BRACHING THE MOLD: BIOMECHANIC TESTS OF THE LIFE ORIENTATION OF A DORSIBICONVEX BRACHIOPOD
A well preserved Desquamatia from the Waterways Fm. (Early Frasnian, Alberta, Canada) was modeled using materials with the specific gravity of calcium carbonate (the original shell material), and by measuring thickness of disarticulated Desquamatia. A recirculating flume was used to test the hydrodynamic stability of the model in three initial orientations: 1) anterior commissure upstream, 2) umbo upstream, and 3) lateral (specimen was perpendicular to flow); all orientations were performed with the dorsal valve topmost, and repeated with the ventral valve on top. The six scenarios were conducted on plexiglass, and on well-sorted, medium-grained sand. All scenarios were repeated 5 times for a total of 60 trials.
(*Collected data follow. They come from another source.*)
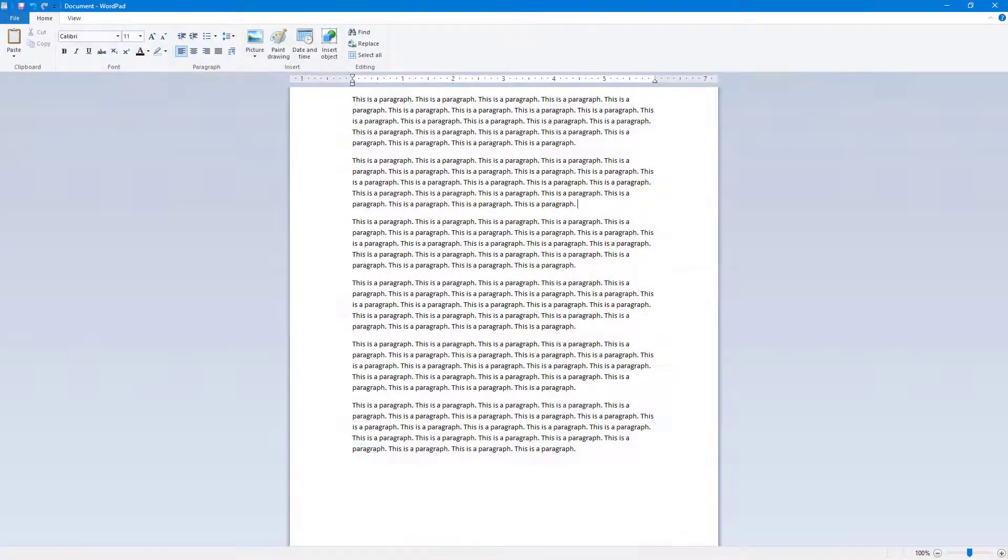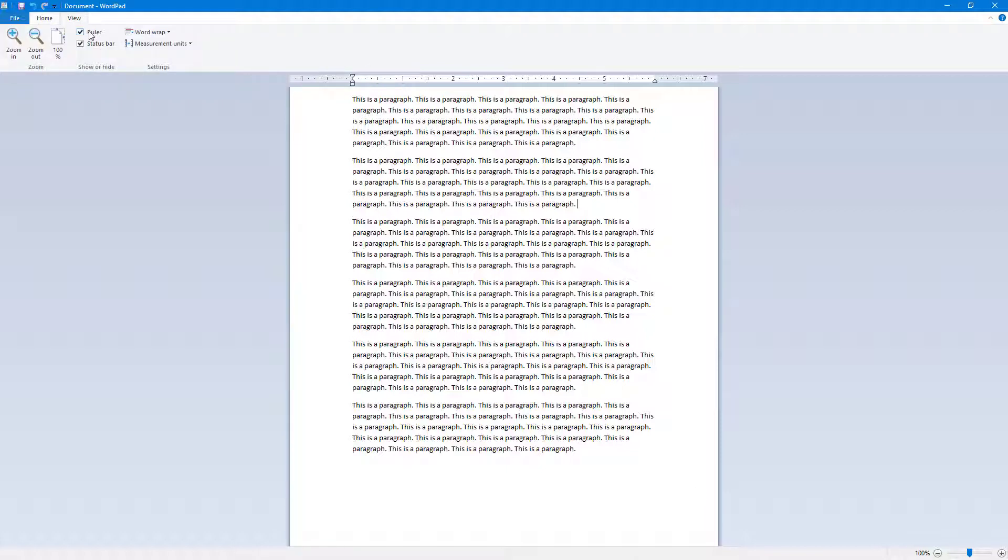Over here you can see that I have a document with a ruler at the top and a status bar at the bottom. If I go into the View menu right here, you can see that there's an option to enable or disable the ruler and the status bar.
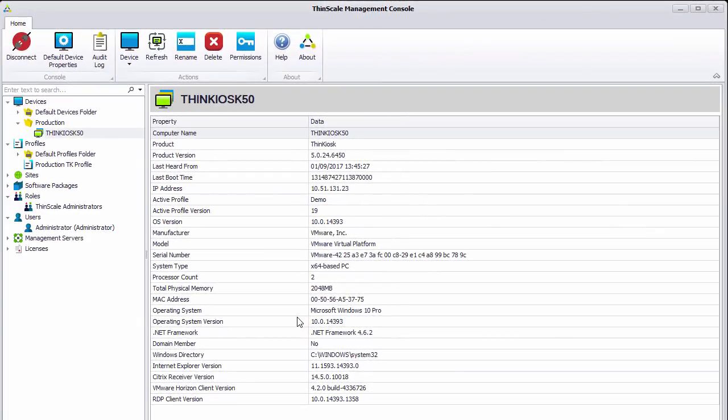So here we are inside the new ThinScale management console. We are currently logged on with our administrator user which has full control within the system. We are going to create a new device viewers role which only has permissions to view devices and profiles. We will then create a new test user, make them a member of this role and see how that looks.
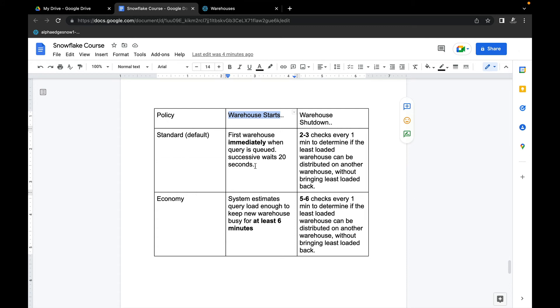What happens in Economy? When you want to start the warehouses, the system will start the warehouse - there is no control of the user on it, you just select Economy. When you select Economy, the system goes in and estimates: the query is there, there is a big queue happening, the system is queued.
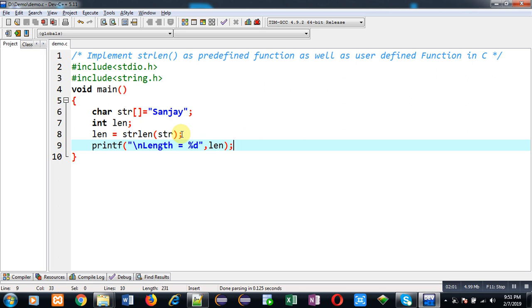Now I am going to convert it and implement this strlen function working as user-defined function.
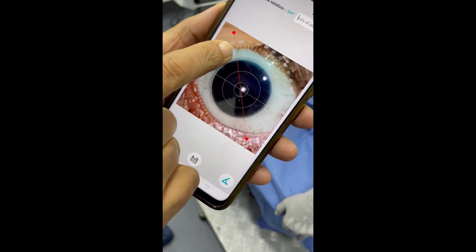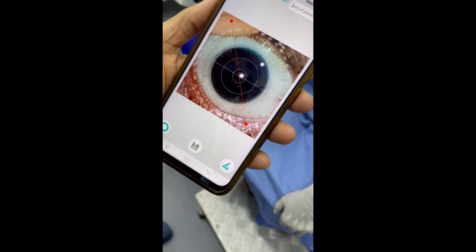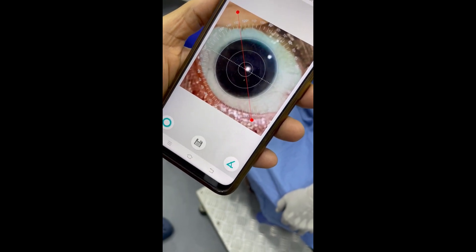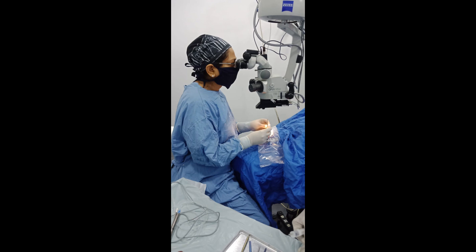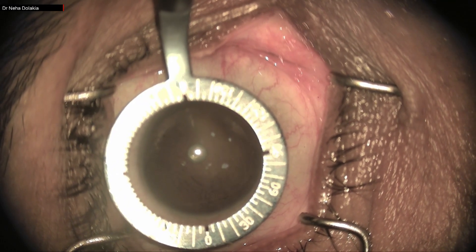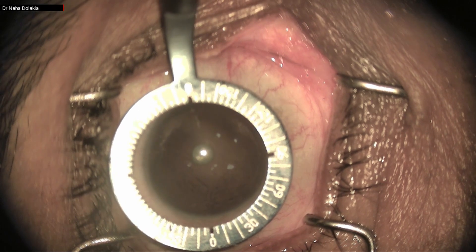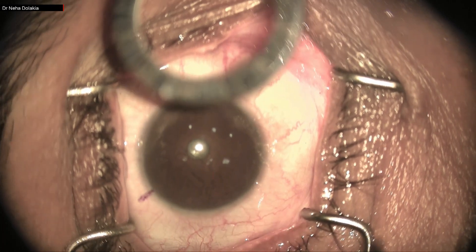So we have two reference marks: 27 degrees in the infero-temporal quadrant and 127 degrees in the supero-temporal quadrant. Now we go on to the marking. I have marked the axes on the table itself — this is a small innovation. The patient is lying supine; I am sitting temporally. We can see the medial canthus; on the left side is the upper lid and on the right side is the lower lid.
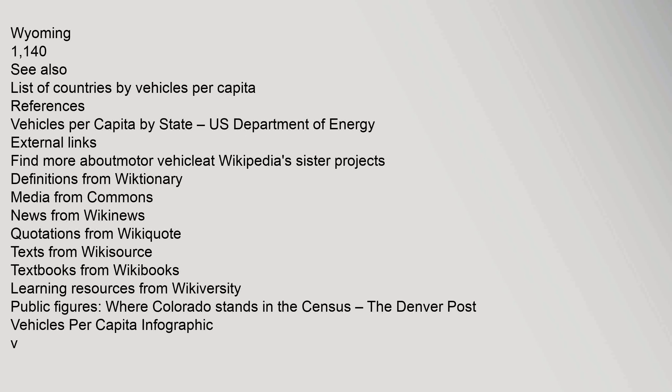See also: list of countries by vehicles per capita. References: vehicles per capita by state, U.S. Department of Energy. External links: find more about motor vehicle at Wikipedia's sister projects: definitions from Wiktionary, media from Commons, news from Wikinews, quotations from Wikiquote, texts from Wikisource, textbooks from Wikibooks, learning resources from Wikiversity. Public figures: where Colorado stands in the census, the Denver Post vehicles per capita infographic.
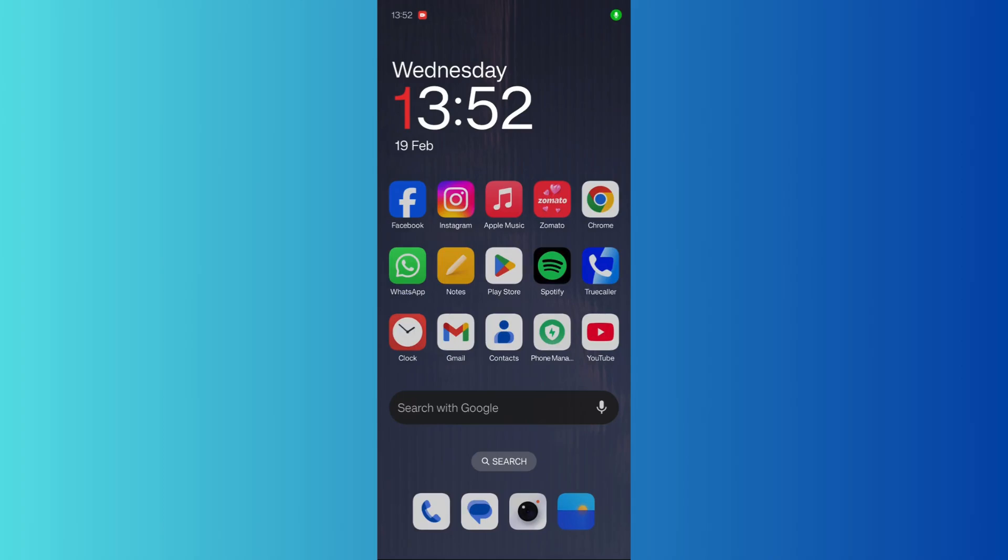Welcome to this tutorial. In this tutorial, I'm going to show you how you can change the position of the clock present in your home screen.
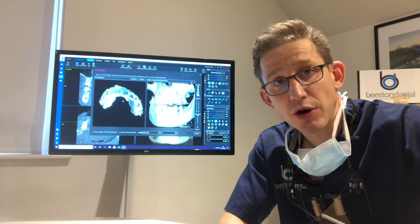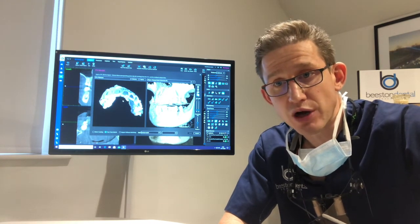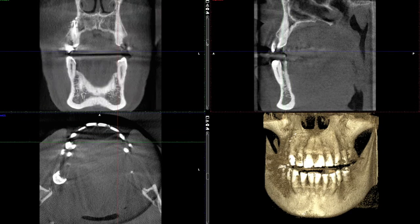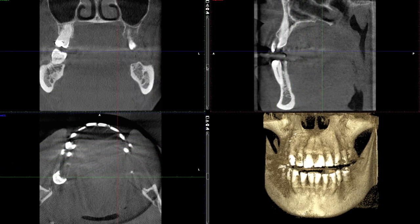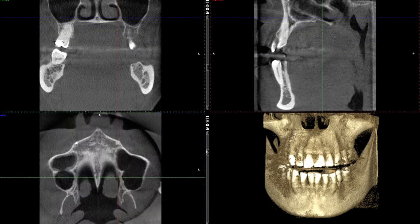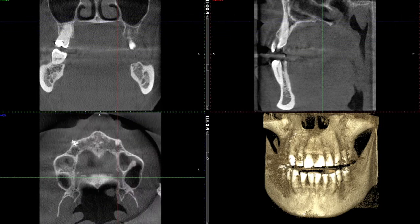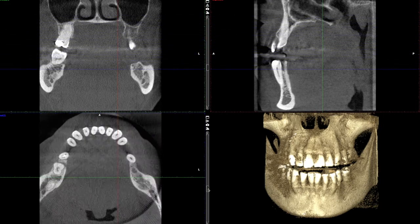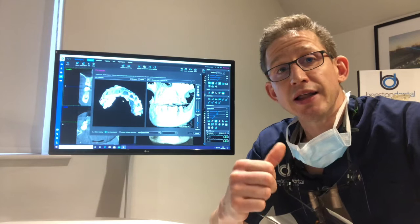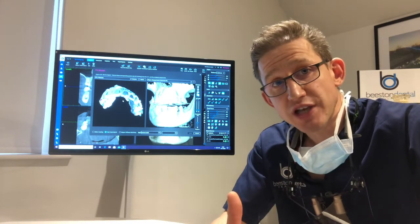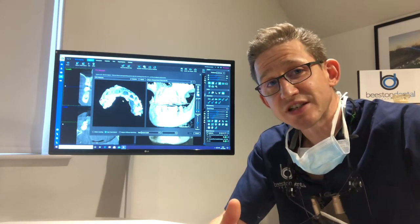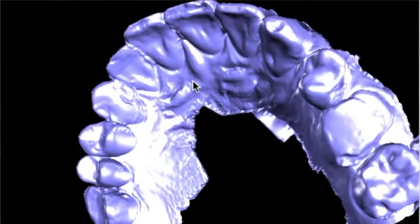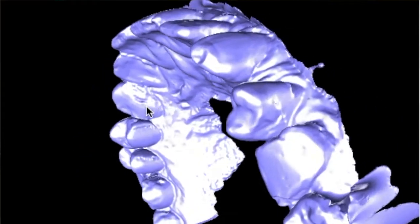Now why do we need both scans? Well, the CT scan — the 3D x-ray of your jaw — shows us where the bone volume is, where the bone is under the gums. The 3D surface scan, or the intraoral scan, gives us an accurate representation of where your teeth are.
Flume trials indicate that the model brachiopod has no true hydrodynamically stable orientation. The most common reorientations were 1) dorsal valve on top, umbo upstream (41/60 trials), and 2) ventral valve on top, umbo upstream (17/60 trials). However, these reorientations occurred at low velocities (~ 0.2 m/s), and entrainment occurred soon after (~ 0.3 m/s).
Assuming that a juvenile, pedunculate, dorsibiconvex brachiopod would have initially been oriented during life with its ventral valve on top, these results suggest two important outcomes: 1) the brachiopod either was attached by a pedicle throughout its life, or lived in quiet, undisturbed waters; and 2) if the brachiopod was attached by a pedicle during life, fossil Desquamatia found oriented with the dorsal valve on top likely indicate that the specimens were dead prior to burial.
Ongoing investigation includes flume trials of Desquamatia models with frills, and trials with a gaping model. Biomechanical tests using more realistic models are invaluable tools easily applied to a wide range of palaeoecological problems.